Mahkemesi :Asliye Hukuk Mahkemesi
Dava Türü : Alacak
YARGITAY İLAMI
Taraflar arasında görülen dava sonucunda verilen hükmün, Yargıtayca incelenmesi davacı vekili tarafından istenilmekle, temyiz isteğinin süresinde olduğu anlaşıldı. Dosya incelendi, gereği görüşüldü:
Davacı, iş sözleşmesinin davalı işveren tarafından daha önce de feshedildiğini, yapılan yargılama neticesinde işe iadesine karar verildiğini, davalı idarenin iş akdinin askıya alınmasına neden olan gerekçesinin hukuka aykırı olduğu yönünden kesinleşmiş bir mahkeme kararı var iken tekrar aynı gerekçeye dayanılarak işlem yapılmasını anlamanın olanaksız ve imkansız olduğunu, davacının çalışmasının geçici işçi statüsünde olmadığını ve dolayısıyla 5620 sayılı Yasa kapsamına dahil edilemeyeceğini, bu nedenle idarenin işleminin hukuka ve yasaya aykırı olduğunu, iş aktinin askıya alınması kavramının davacının iş sözleşmesinin feshi anlamına geldiğini belirterek feshin geçersizliğinin tespitine, işe iadesine, işe başlatmama tazminatı ile boşta geçen süre ücreti ve diğer haklara karar verilmesini talep etmiştir.

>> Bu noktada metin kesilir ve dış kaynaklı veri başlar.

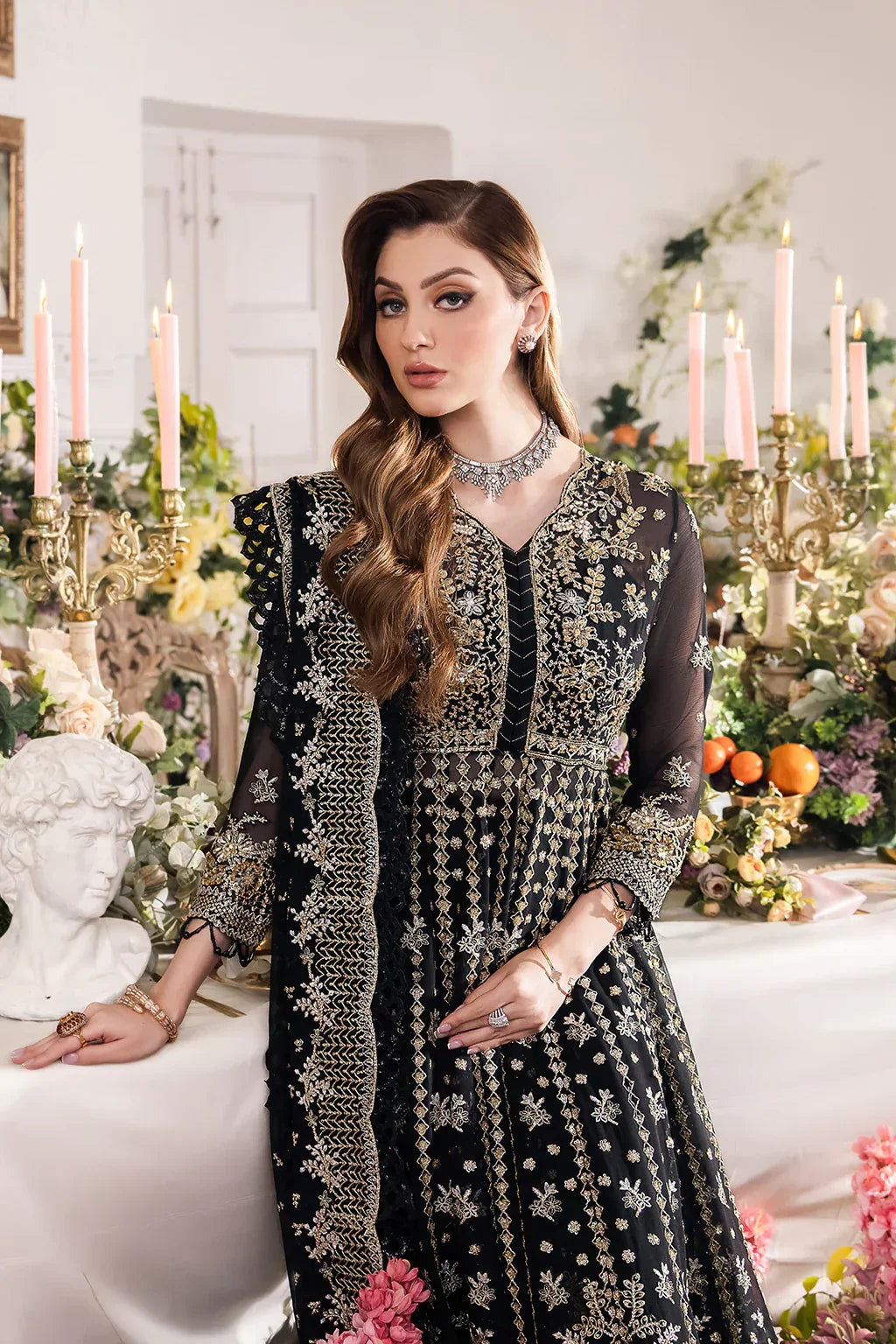 Saad Shaikh | Panache Luxury Chiffon 24 | Rayam - Rang-e-Khaas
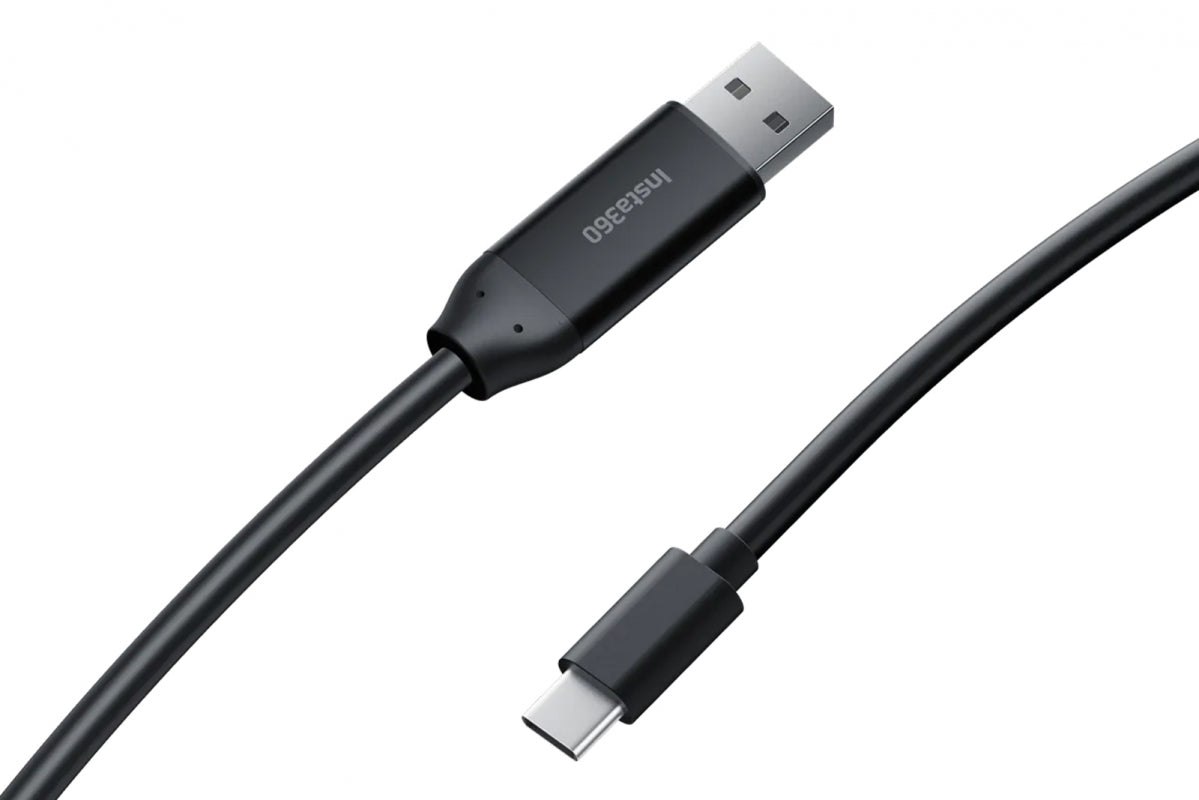 USB-A na USB-C kabel 10 m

Davalı, davacının kurumda geçici işçi statüsünde çalıştığını, 2006 yılı içerisinde 180 günden daha az çalışması sebebiyle ... Bakanlığınca davacıya ve aynı şartlarda çalıştırılan diğer işçilere norm kadro esaslarına göre daimi işçi statüsünde çalıştırılmalarına imkan tanınmamış olup bu durumun kamu kurumu olan davalı kurumu da bağladığını, vize edilen ve yasa hükümlerince çalıştırılabilecek 4 kişi dışında kalan ve davacının da içinde bulunduğu bir kısım geçici işçinin ise gerek anılan yasa hükümlerince gerekse de bordro düzenleme yani ödeme yapabilme imkanının bulunmaması sebebiyle iş sözleşmelerinin askıya alınmak zorunda kalındığını, iş aktini tabi olduğu yasal mevzuattan kaynaklanan zorunluluklar sebebiyle askıya almak zoruda kaldığını, kaldı ki işe iade davasının açılabilmesi için geçersiz bir fesih söz konusu olması gerektiği, kurum tarafından bir fesih işlemi değil askıya alma söz konusu olduğunu savunarak davanın reddini istemiştir.

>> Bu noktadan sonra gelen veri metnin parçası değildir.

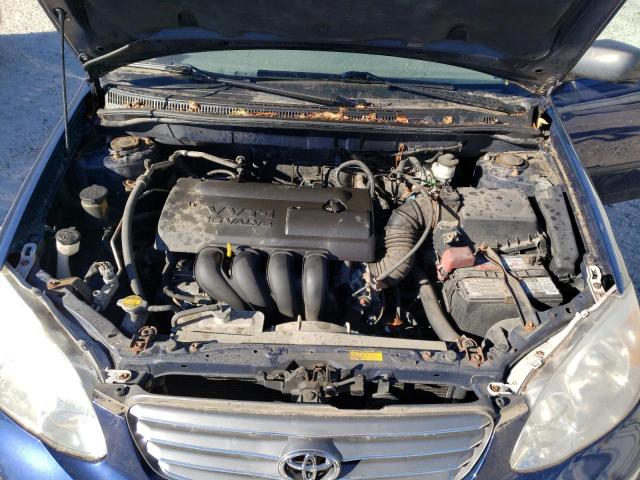 Photo 11 from auction – 2004 TOYOTA COROLLA CE with VIN 2T1BR32E54C311914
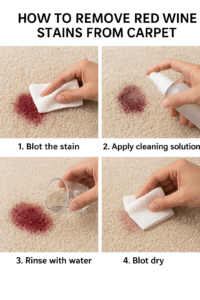 How to remove a red wine spill from Titan Carpet and Floor Care Orange County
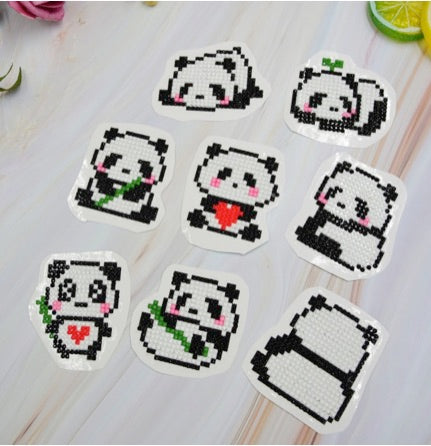 Panda Stickers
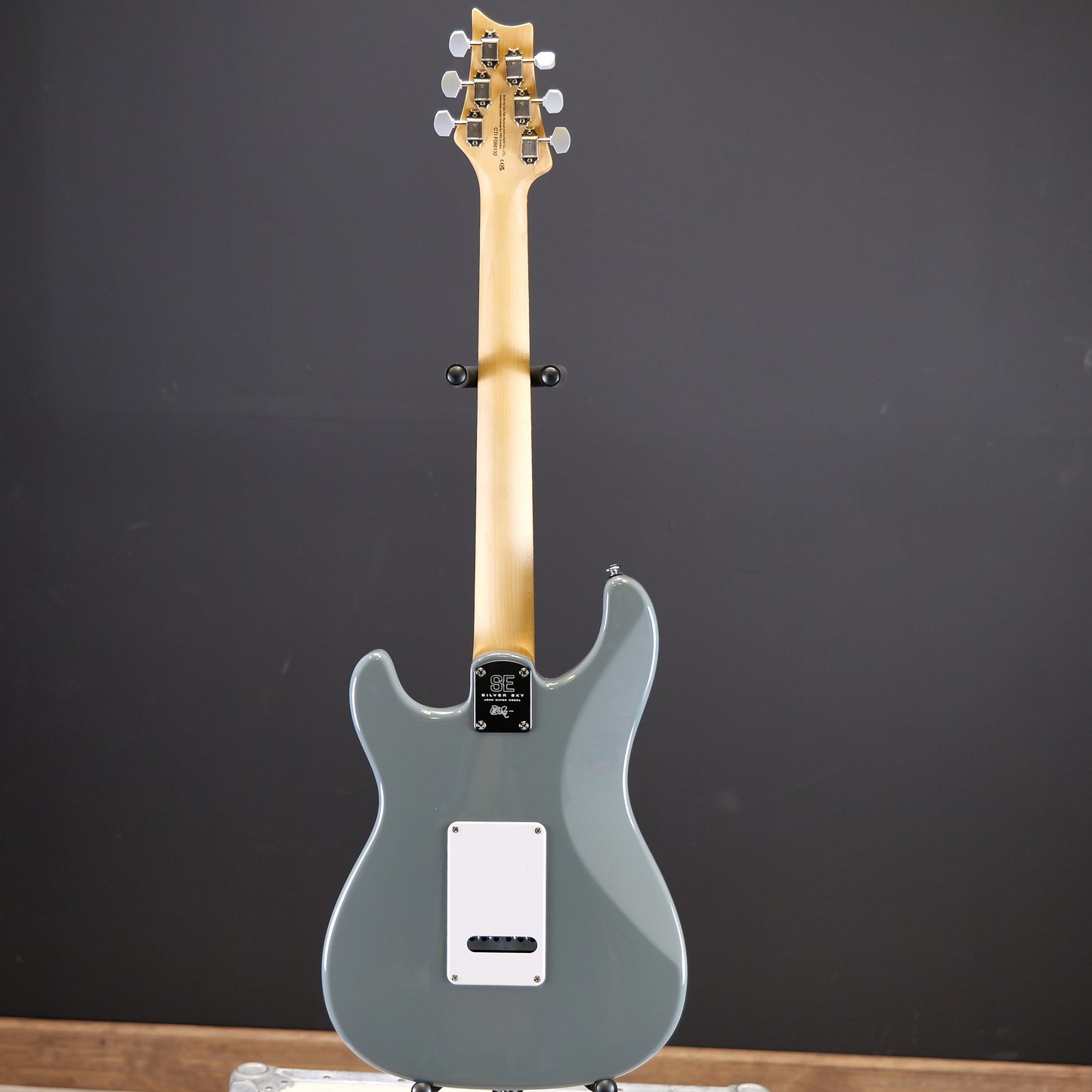 PRS SE Silver Sky Rosewood Storm Gray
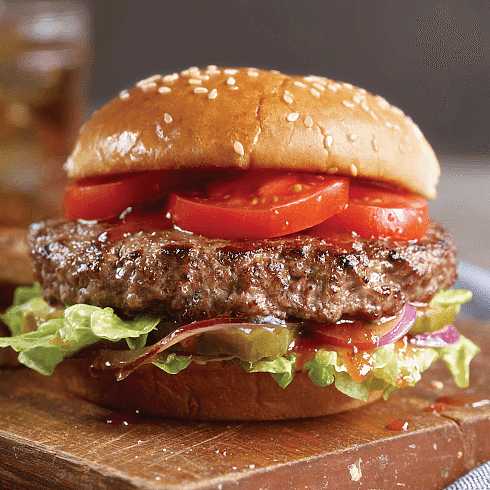 8 Classic Steakburgers, 4.5 oz each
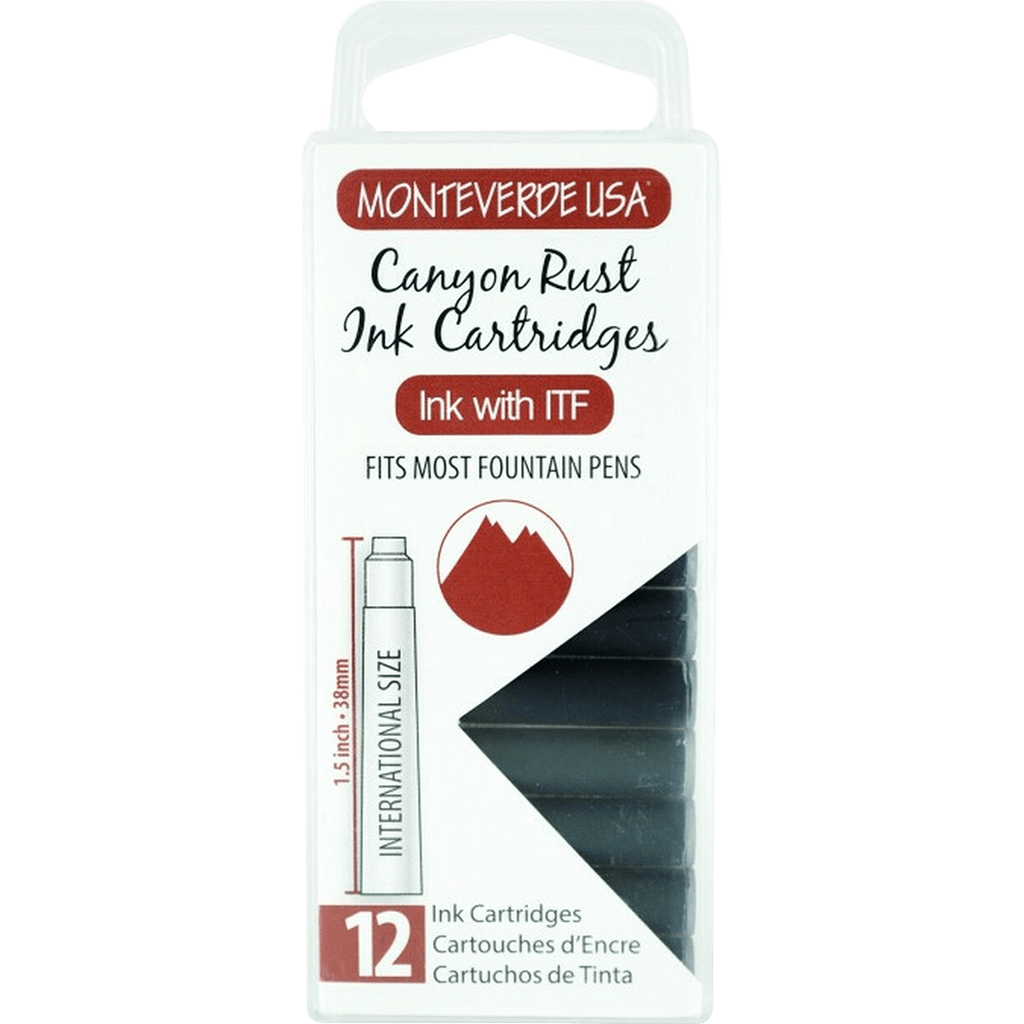 Monteverde Rust Canyon - Ink Cartridges - Pen Boutique Ltd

Mahkemece, davacının ....12.2012 tarihli askıya alma işlemini davaya konu ettiğini, buna karşılık davacının iş aktinin feshine yönelik irade beyanının ....03.2013 tarihinde yapıldığını, davanın erken açıldığını, iş akdinin ....12.2012 tarihi itibariyle askıya alınmasına ilişkin yazının fesih niteliğinde olmadığı, davalı işverenin kuruma verdiği işten ayrılış bildirgesinde işten ayrılış nedeni olarak iş akdinin askıya alınmasını gösterdiği, bu işlemin feshe tahvil edilemeyeceği gerekçesiyle şartları oluşmayan davanın reddine karar verilmiştir.
Mevsimlik iş sözleşmesi ile çalışan işçiler, 4857 sayılı Kanunun ... inci ve devamı maddelerinde düzenlenen feshin geçerli sebebe dayandırılması, sözleşmenin feshinde usul, fesih bildirimine itiraz ve usulü ile geçersiz sebeple yapılan feshin sonuçları hükümlerinden yararlanırlar. Buna göre mevsimlik işçinin, belirsiz süreli iş sözleşmesi ile çalışması, işyerindeki kıdeminin altı aydan fazla olması, işveren vekili olmaması ve işyerinde otuz ve daha fazla işçi çalışması halinde, iş güvencesi olarak belirtilen bu hükümlerden yararlanacaktır. İşveren mevsimlik işçinin iş sözleşmesini, ister fiilen çalışılan dönem, ister askıdaki dönemde olsun, geçerli neden olmadan feshedemeyecektir. Bir başka anlatımla işveren fesih bildirimini yazılı olarak yapmak ve geçerli fesih nedenini açıkça belirtmek zorundadır. İşçinin, mevsim bitiminde iş sözleşmesinin askıya alınması nedeni ile feshin geçersizliğini ileri sürerek işe iade isteminde bulunması mümkün değildir. Zira iş sözleşmesi feshedilmemiş, yeni mevsim başına kadar askıya alınmıştır. Bu olguyu, 4857 sayılı Yasanın 29 uncu maddesinin yedinci fıkrasındaki düzenleme de doğrulamaktadır. Değinilen fıkra hükmü gereğince, mevsim sonu toplu işten çıkarmalarda, toplu işçi çıkarmaya ilişkin hükümlerin uygulanmaması, iş sözleşmesinin feshedilmediği gerekçesine dayanmaktadır.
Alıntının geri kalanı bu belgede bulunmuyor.